Identical regions found across plant genomes by MU researchers
The idea of searching for ultraconserved regions across different plant genomes first occurred to Dmitry Korkin, an assistant professor of computer science, long before he came to the University of Missouri.
As a post-doctoral student at the University of California, San Francisco, he attended a 2006 talk by Gill Bejerano, the first author of a groundbreaking study published in Science that found identical regions across the human, rat and mouse genomes.
“I was sitting and listening to this talk and I though, ‘What about plants?’” Korkin said. “As I started looking into it, I realized it’s a much more difficult question in plants.”
Ultraconserved regions are those with identical base pair sequences. Several hundred such regions have been identified in animal genomes. Bejerano’s research found 481 segments of 200 or more base pairs that were conserved with no deletions, insertions or substitutions across the three genomes he looked at.
In animal genomes, these regions of extreme conservation are mainly syntenic, or located on the similar parts of a chromosome across species. With plant genomes, such similar parts are very short, so the regions of extreme conservation may not necessarily be located on the same chromosome.
“You have a lot of short blocks [of the same genetic code], shuffled along the genomes consisting of hundreds of millions of base pairs,” Korkin said.
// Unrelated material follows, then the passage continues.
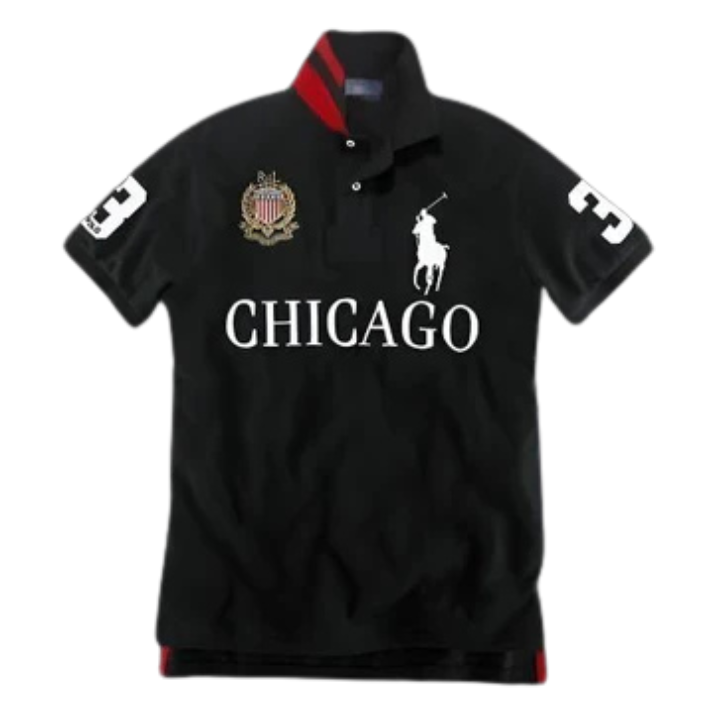 Ralph Lauren Chicago Jersey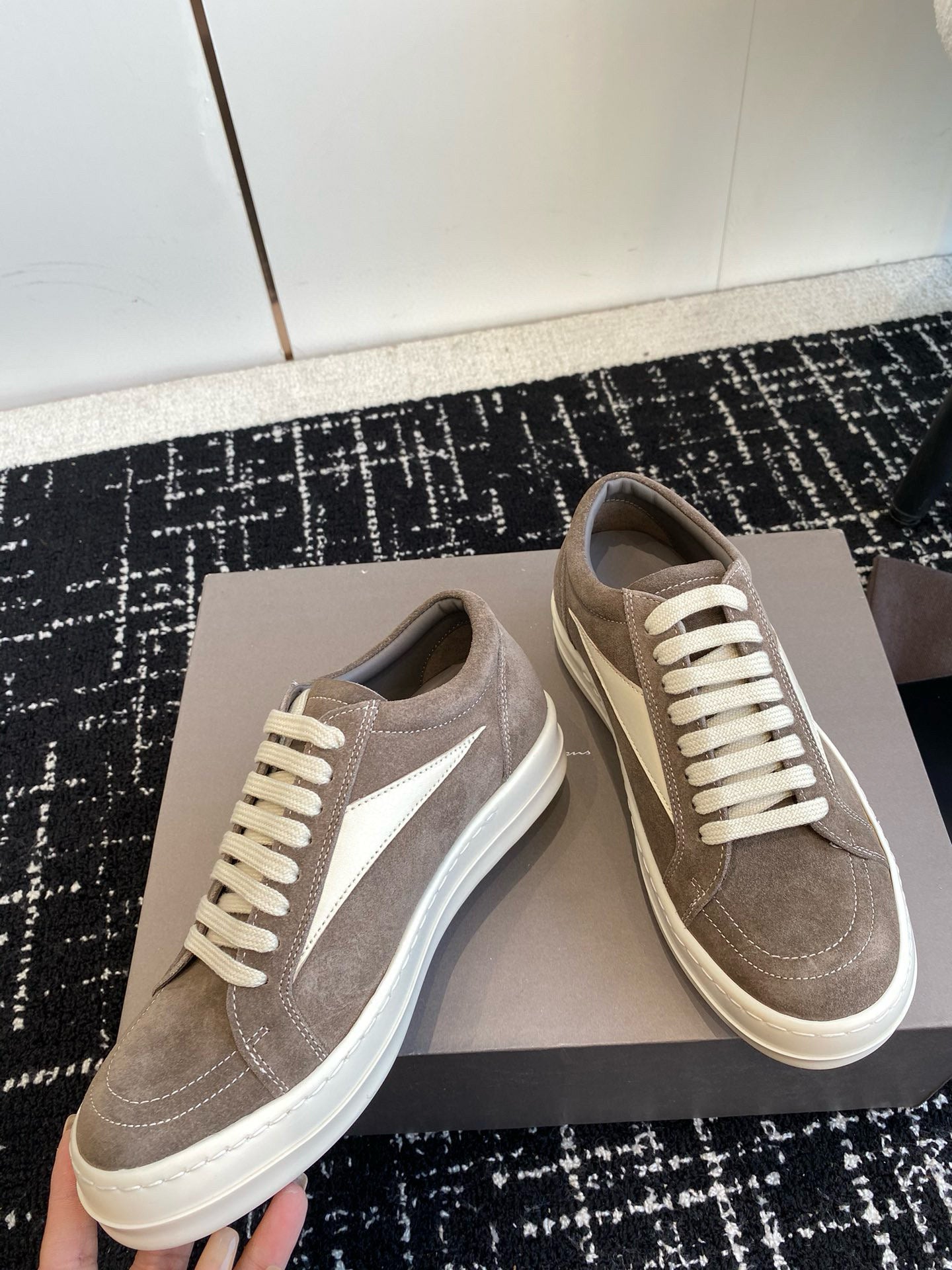 Rick Owen Shoes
So instead of focusing on plant genomes, Korkin first decided to develop new fast algorithms to detect the extreme sequences and applied them to analyze protein strings, which are shorter and easier to deal with.
“The problem could be formulated for an arbitrary set of strings and not necessarily genome strings,” Korkin said. “So, we started advancing that approach, not for genomes but for proteins.”
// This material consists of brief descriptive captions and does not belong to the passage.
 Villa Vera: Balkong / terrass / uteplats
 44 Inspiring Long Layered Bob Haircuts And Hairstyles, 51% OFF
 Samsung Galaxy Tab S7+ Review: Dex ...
That approach, while being among the most efficient currently existing algorithms for proteins, seemed to be a dead-end for the long genomic sequences. Chi-Ren Shyu, a professor of computer science and the director of the MU Informatics Institute, approached Korkin about an algorithm doctoral student Jeff Reneker had crafted.
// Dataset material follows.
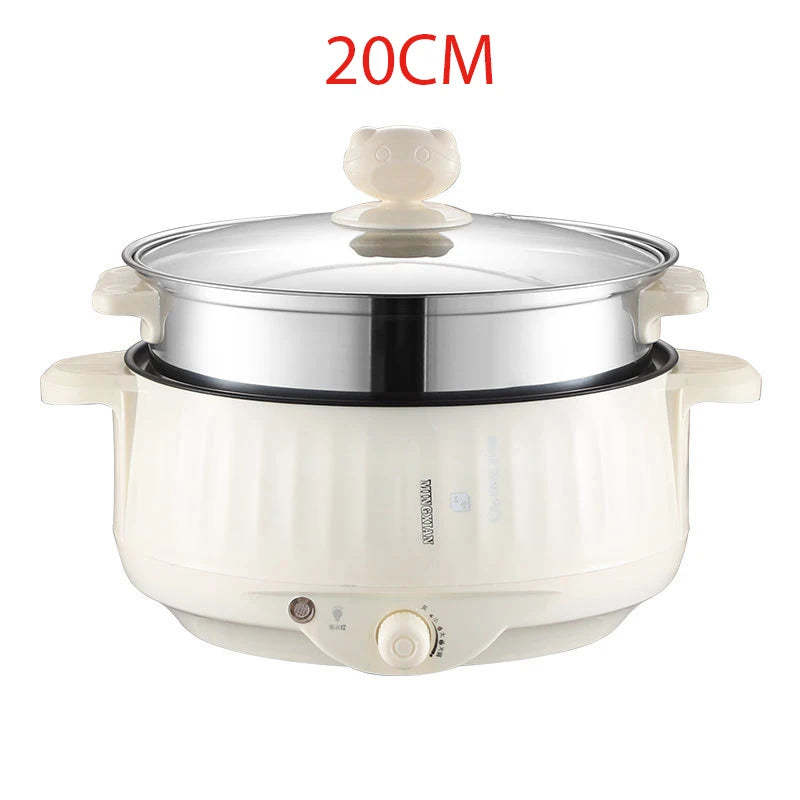 Compact Electric Multi-Cooker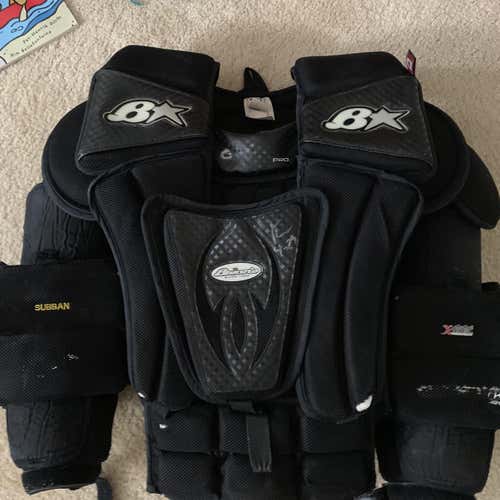 Subban Brian’s Chest Protector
“I realized that it could very well be applicable to this problem that I have,” Korkin said. “But, first, the algorithm had to be redone to be even more effective. We really wanted to push the limits of the algorithm.”
After some fine-tuning, the researchers tested it on the same genomes selected by Bejerano. “Not only did we find everything Bejerano found, we found more regions of conservation in these animal genomes,” Korkin said.
These newly discovered ultraconserved regions found by the researchers occurred in six animal genomes — dog, chicken, human, mouse, macaque and rat — and were located in different places. While Bejerano focused on conserved strings located on the same chromosome, the new algorithm could identify identical sequences located anywhere across any number of genomes.
“He could only consider similar regions,” Korkin said. “We could compare anything to anything so we could guarantee that we found any matches. So that makes the plant genome question more feasible.”
The research, published in the Proceedings of the National Academy of Sciences, compared six plant species — Arabidopsis, soybean, rice, cottonwood, sorghum and grape — and found extreme regions, now called LIMEs (long identical multispecies elements) located in different places on the plant genomes. The paper, titled “Long Identical Multispecies Elements in Plant and Animal Genomes,” was co-authored by Gavin Conant, assistant professor of animal sciences and Chris Pires, an associate professor at the Life Science Center. Researchers from the Universities of Missouri, California-Berkeley and Arizona collaborated on the paper.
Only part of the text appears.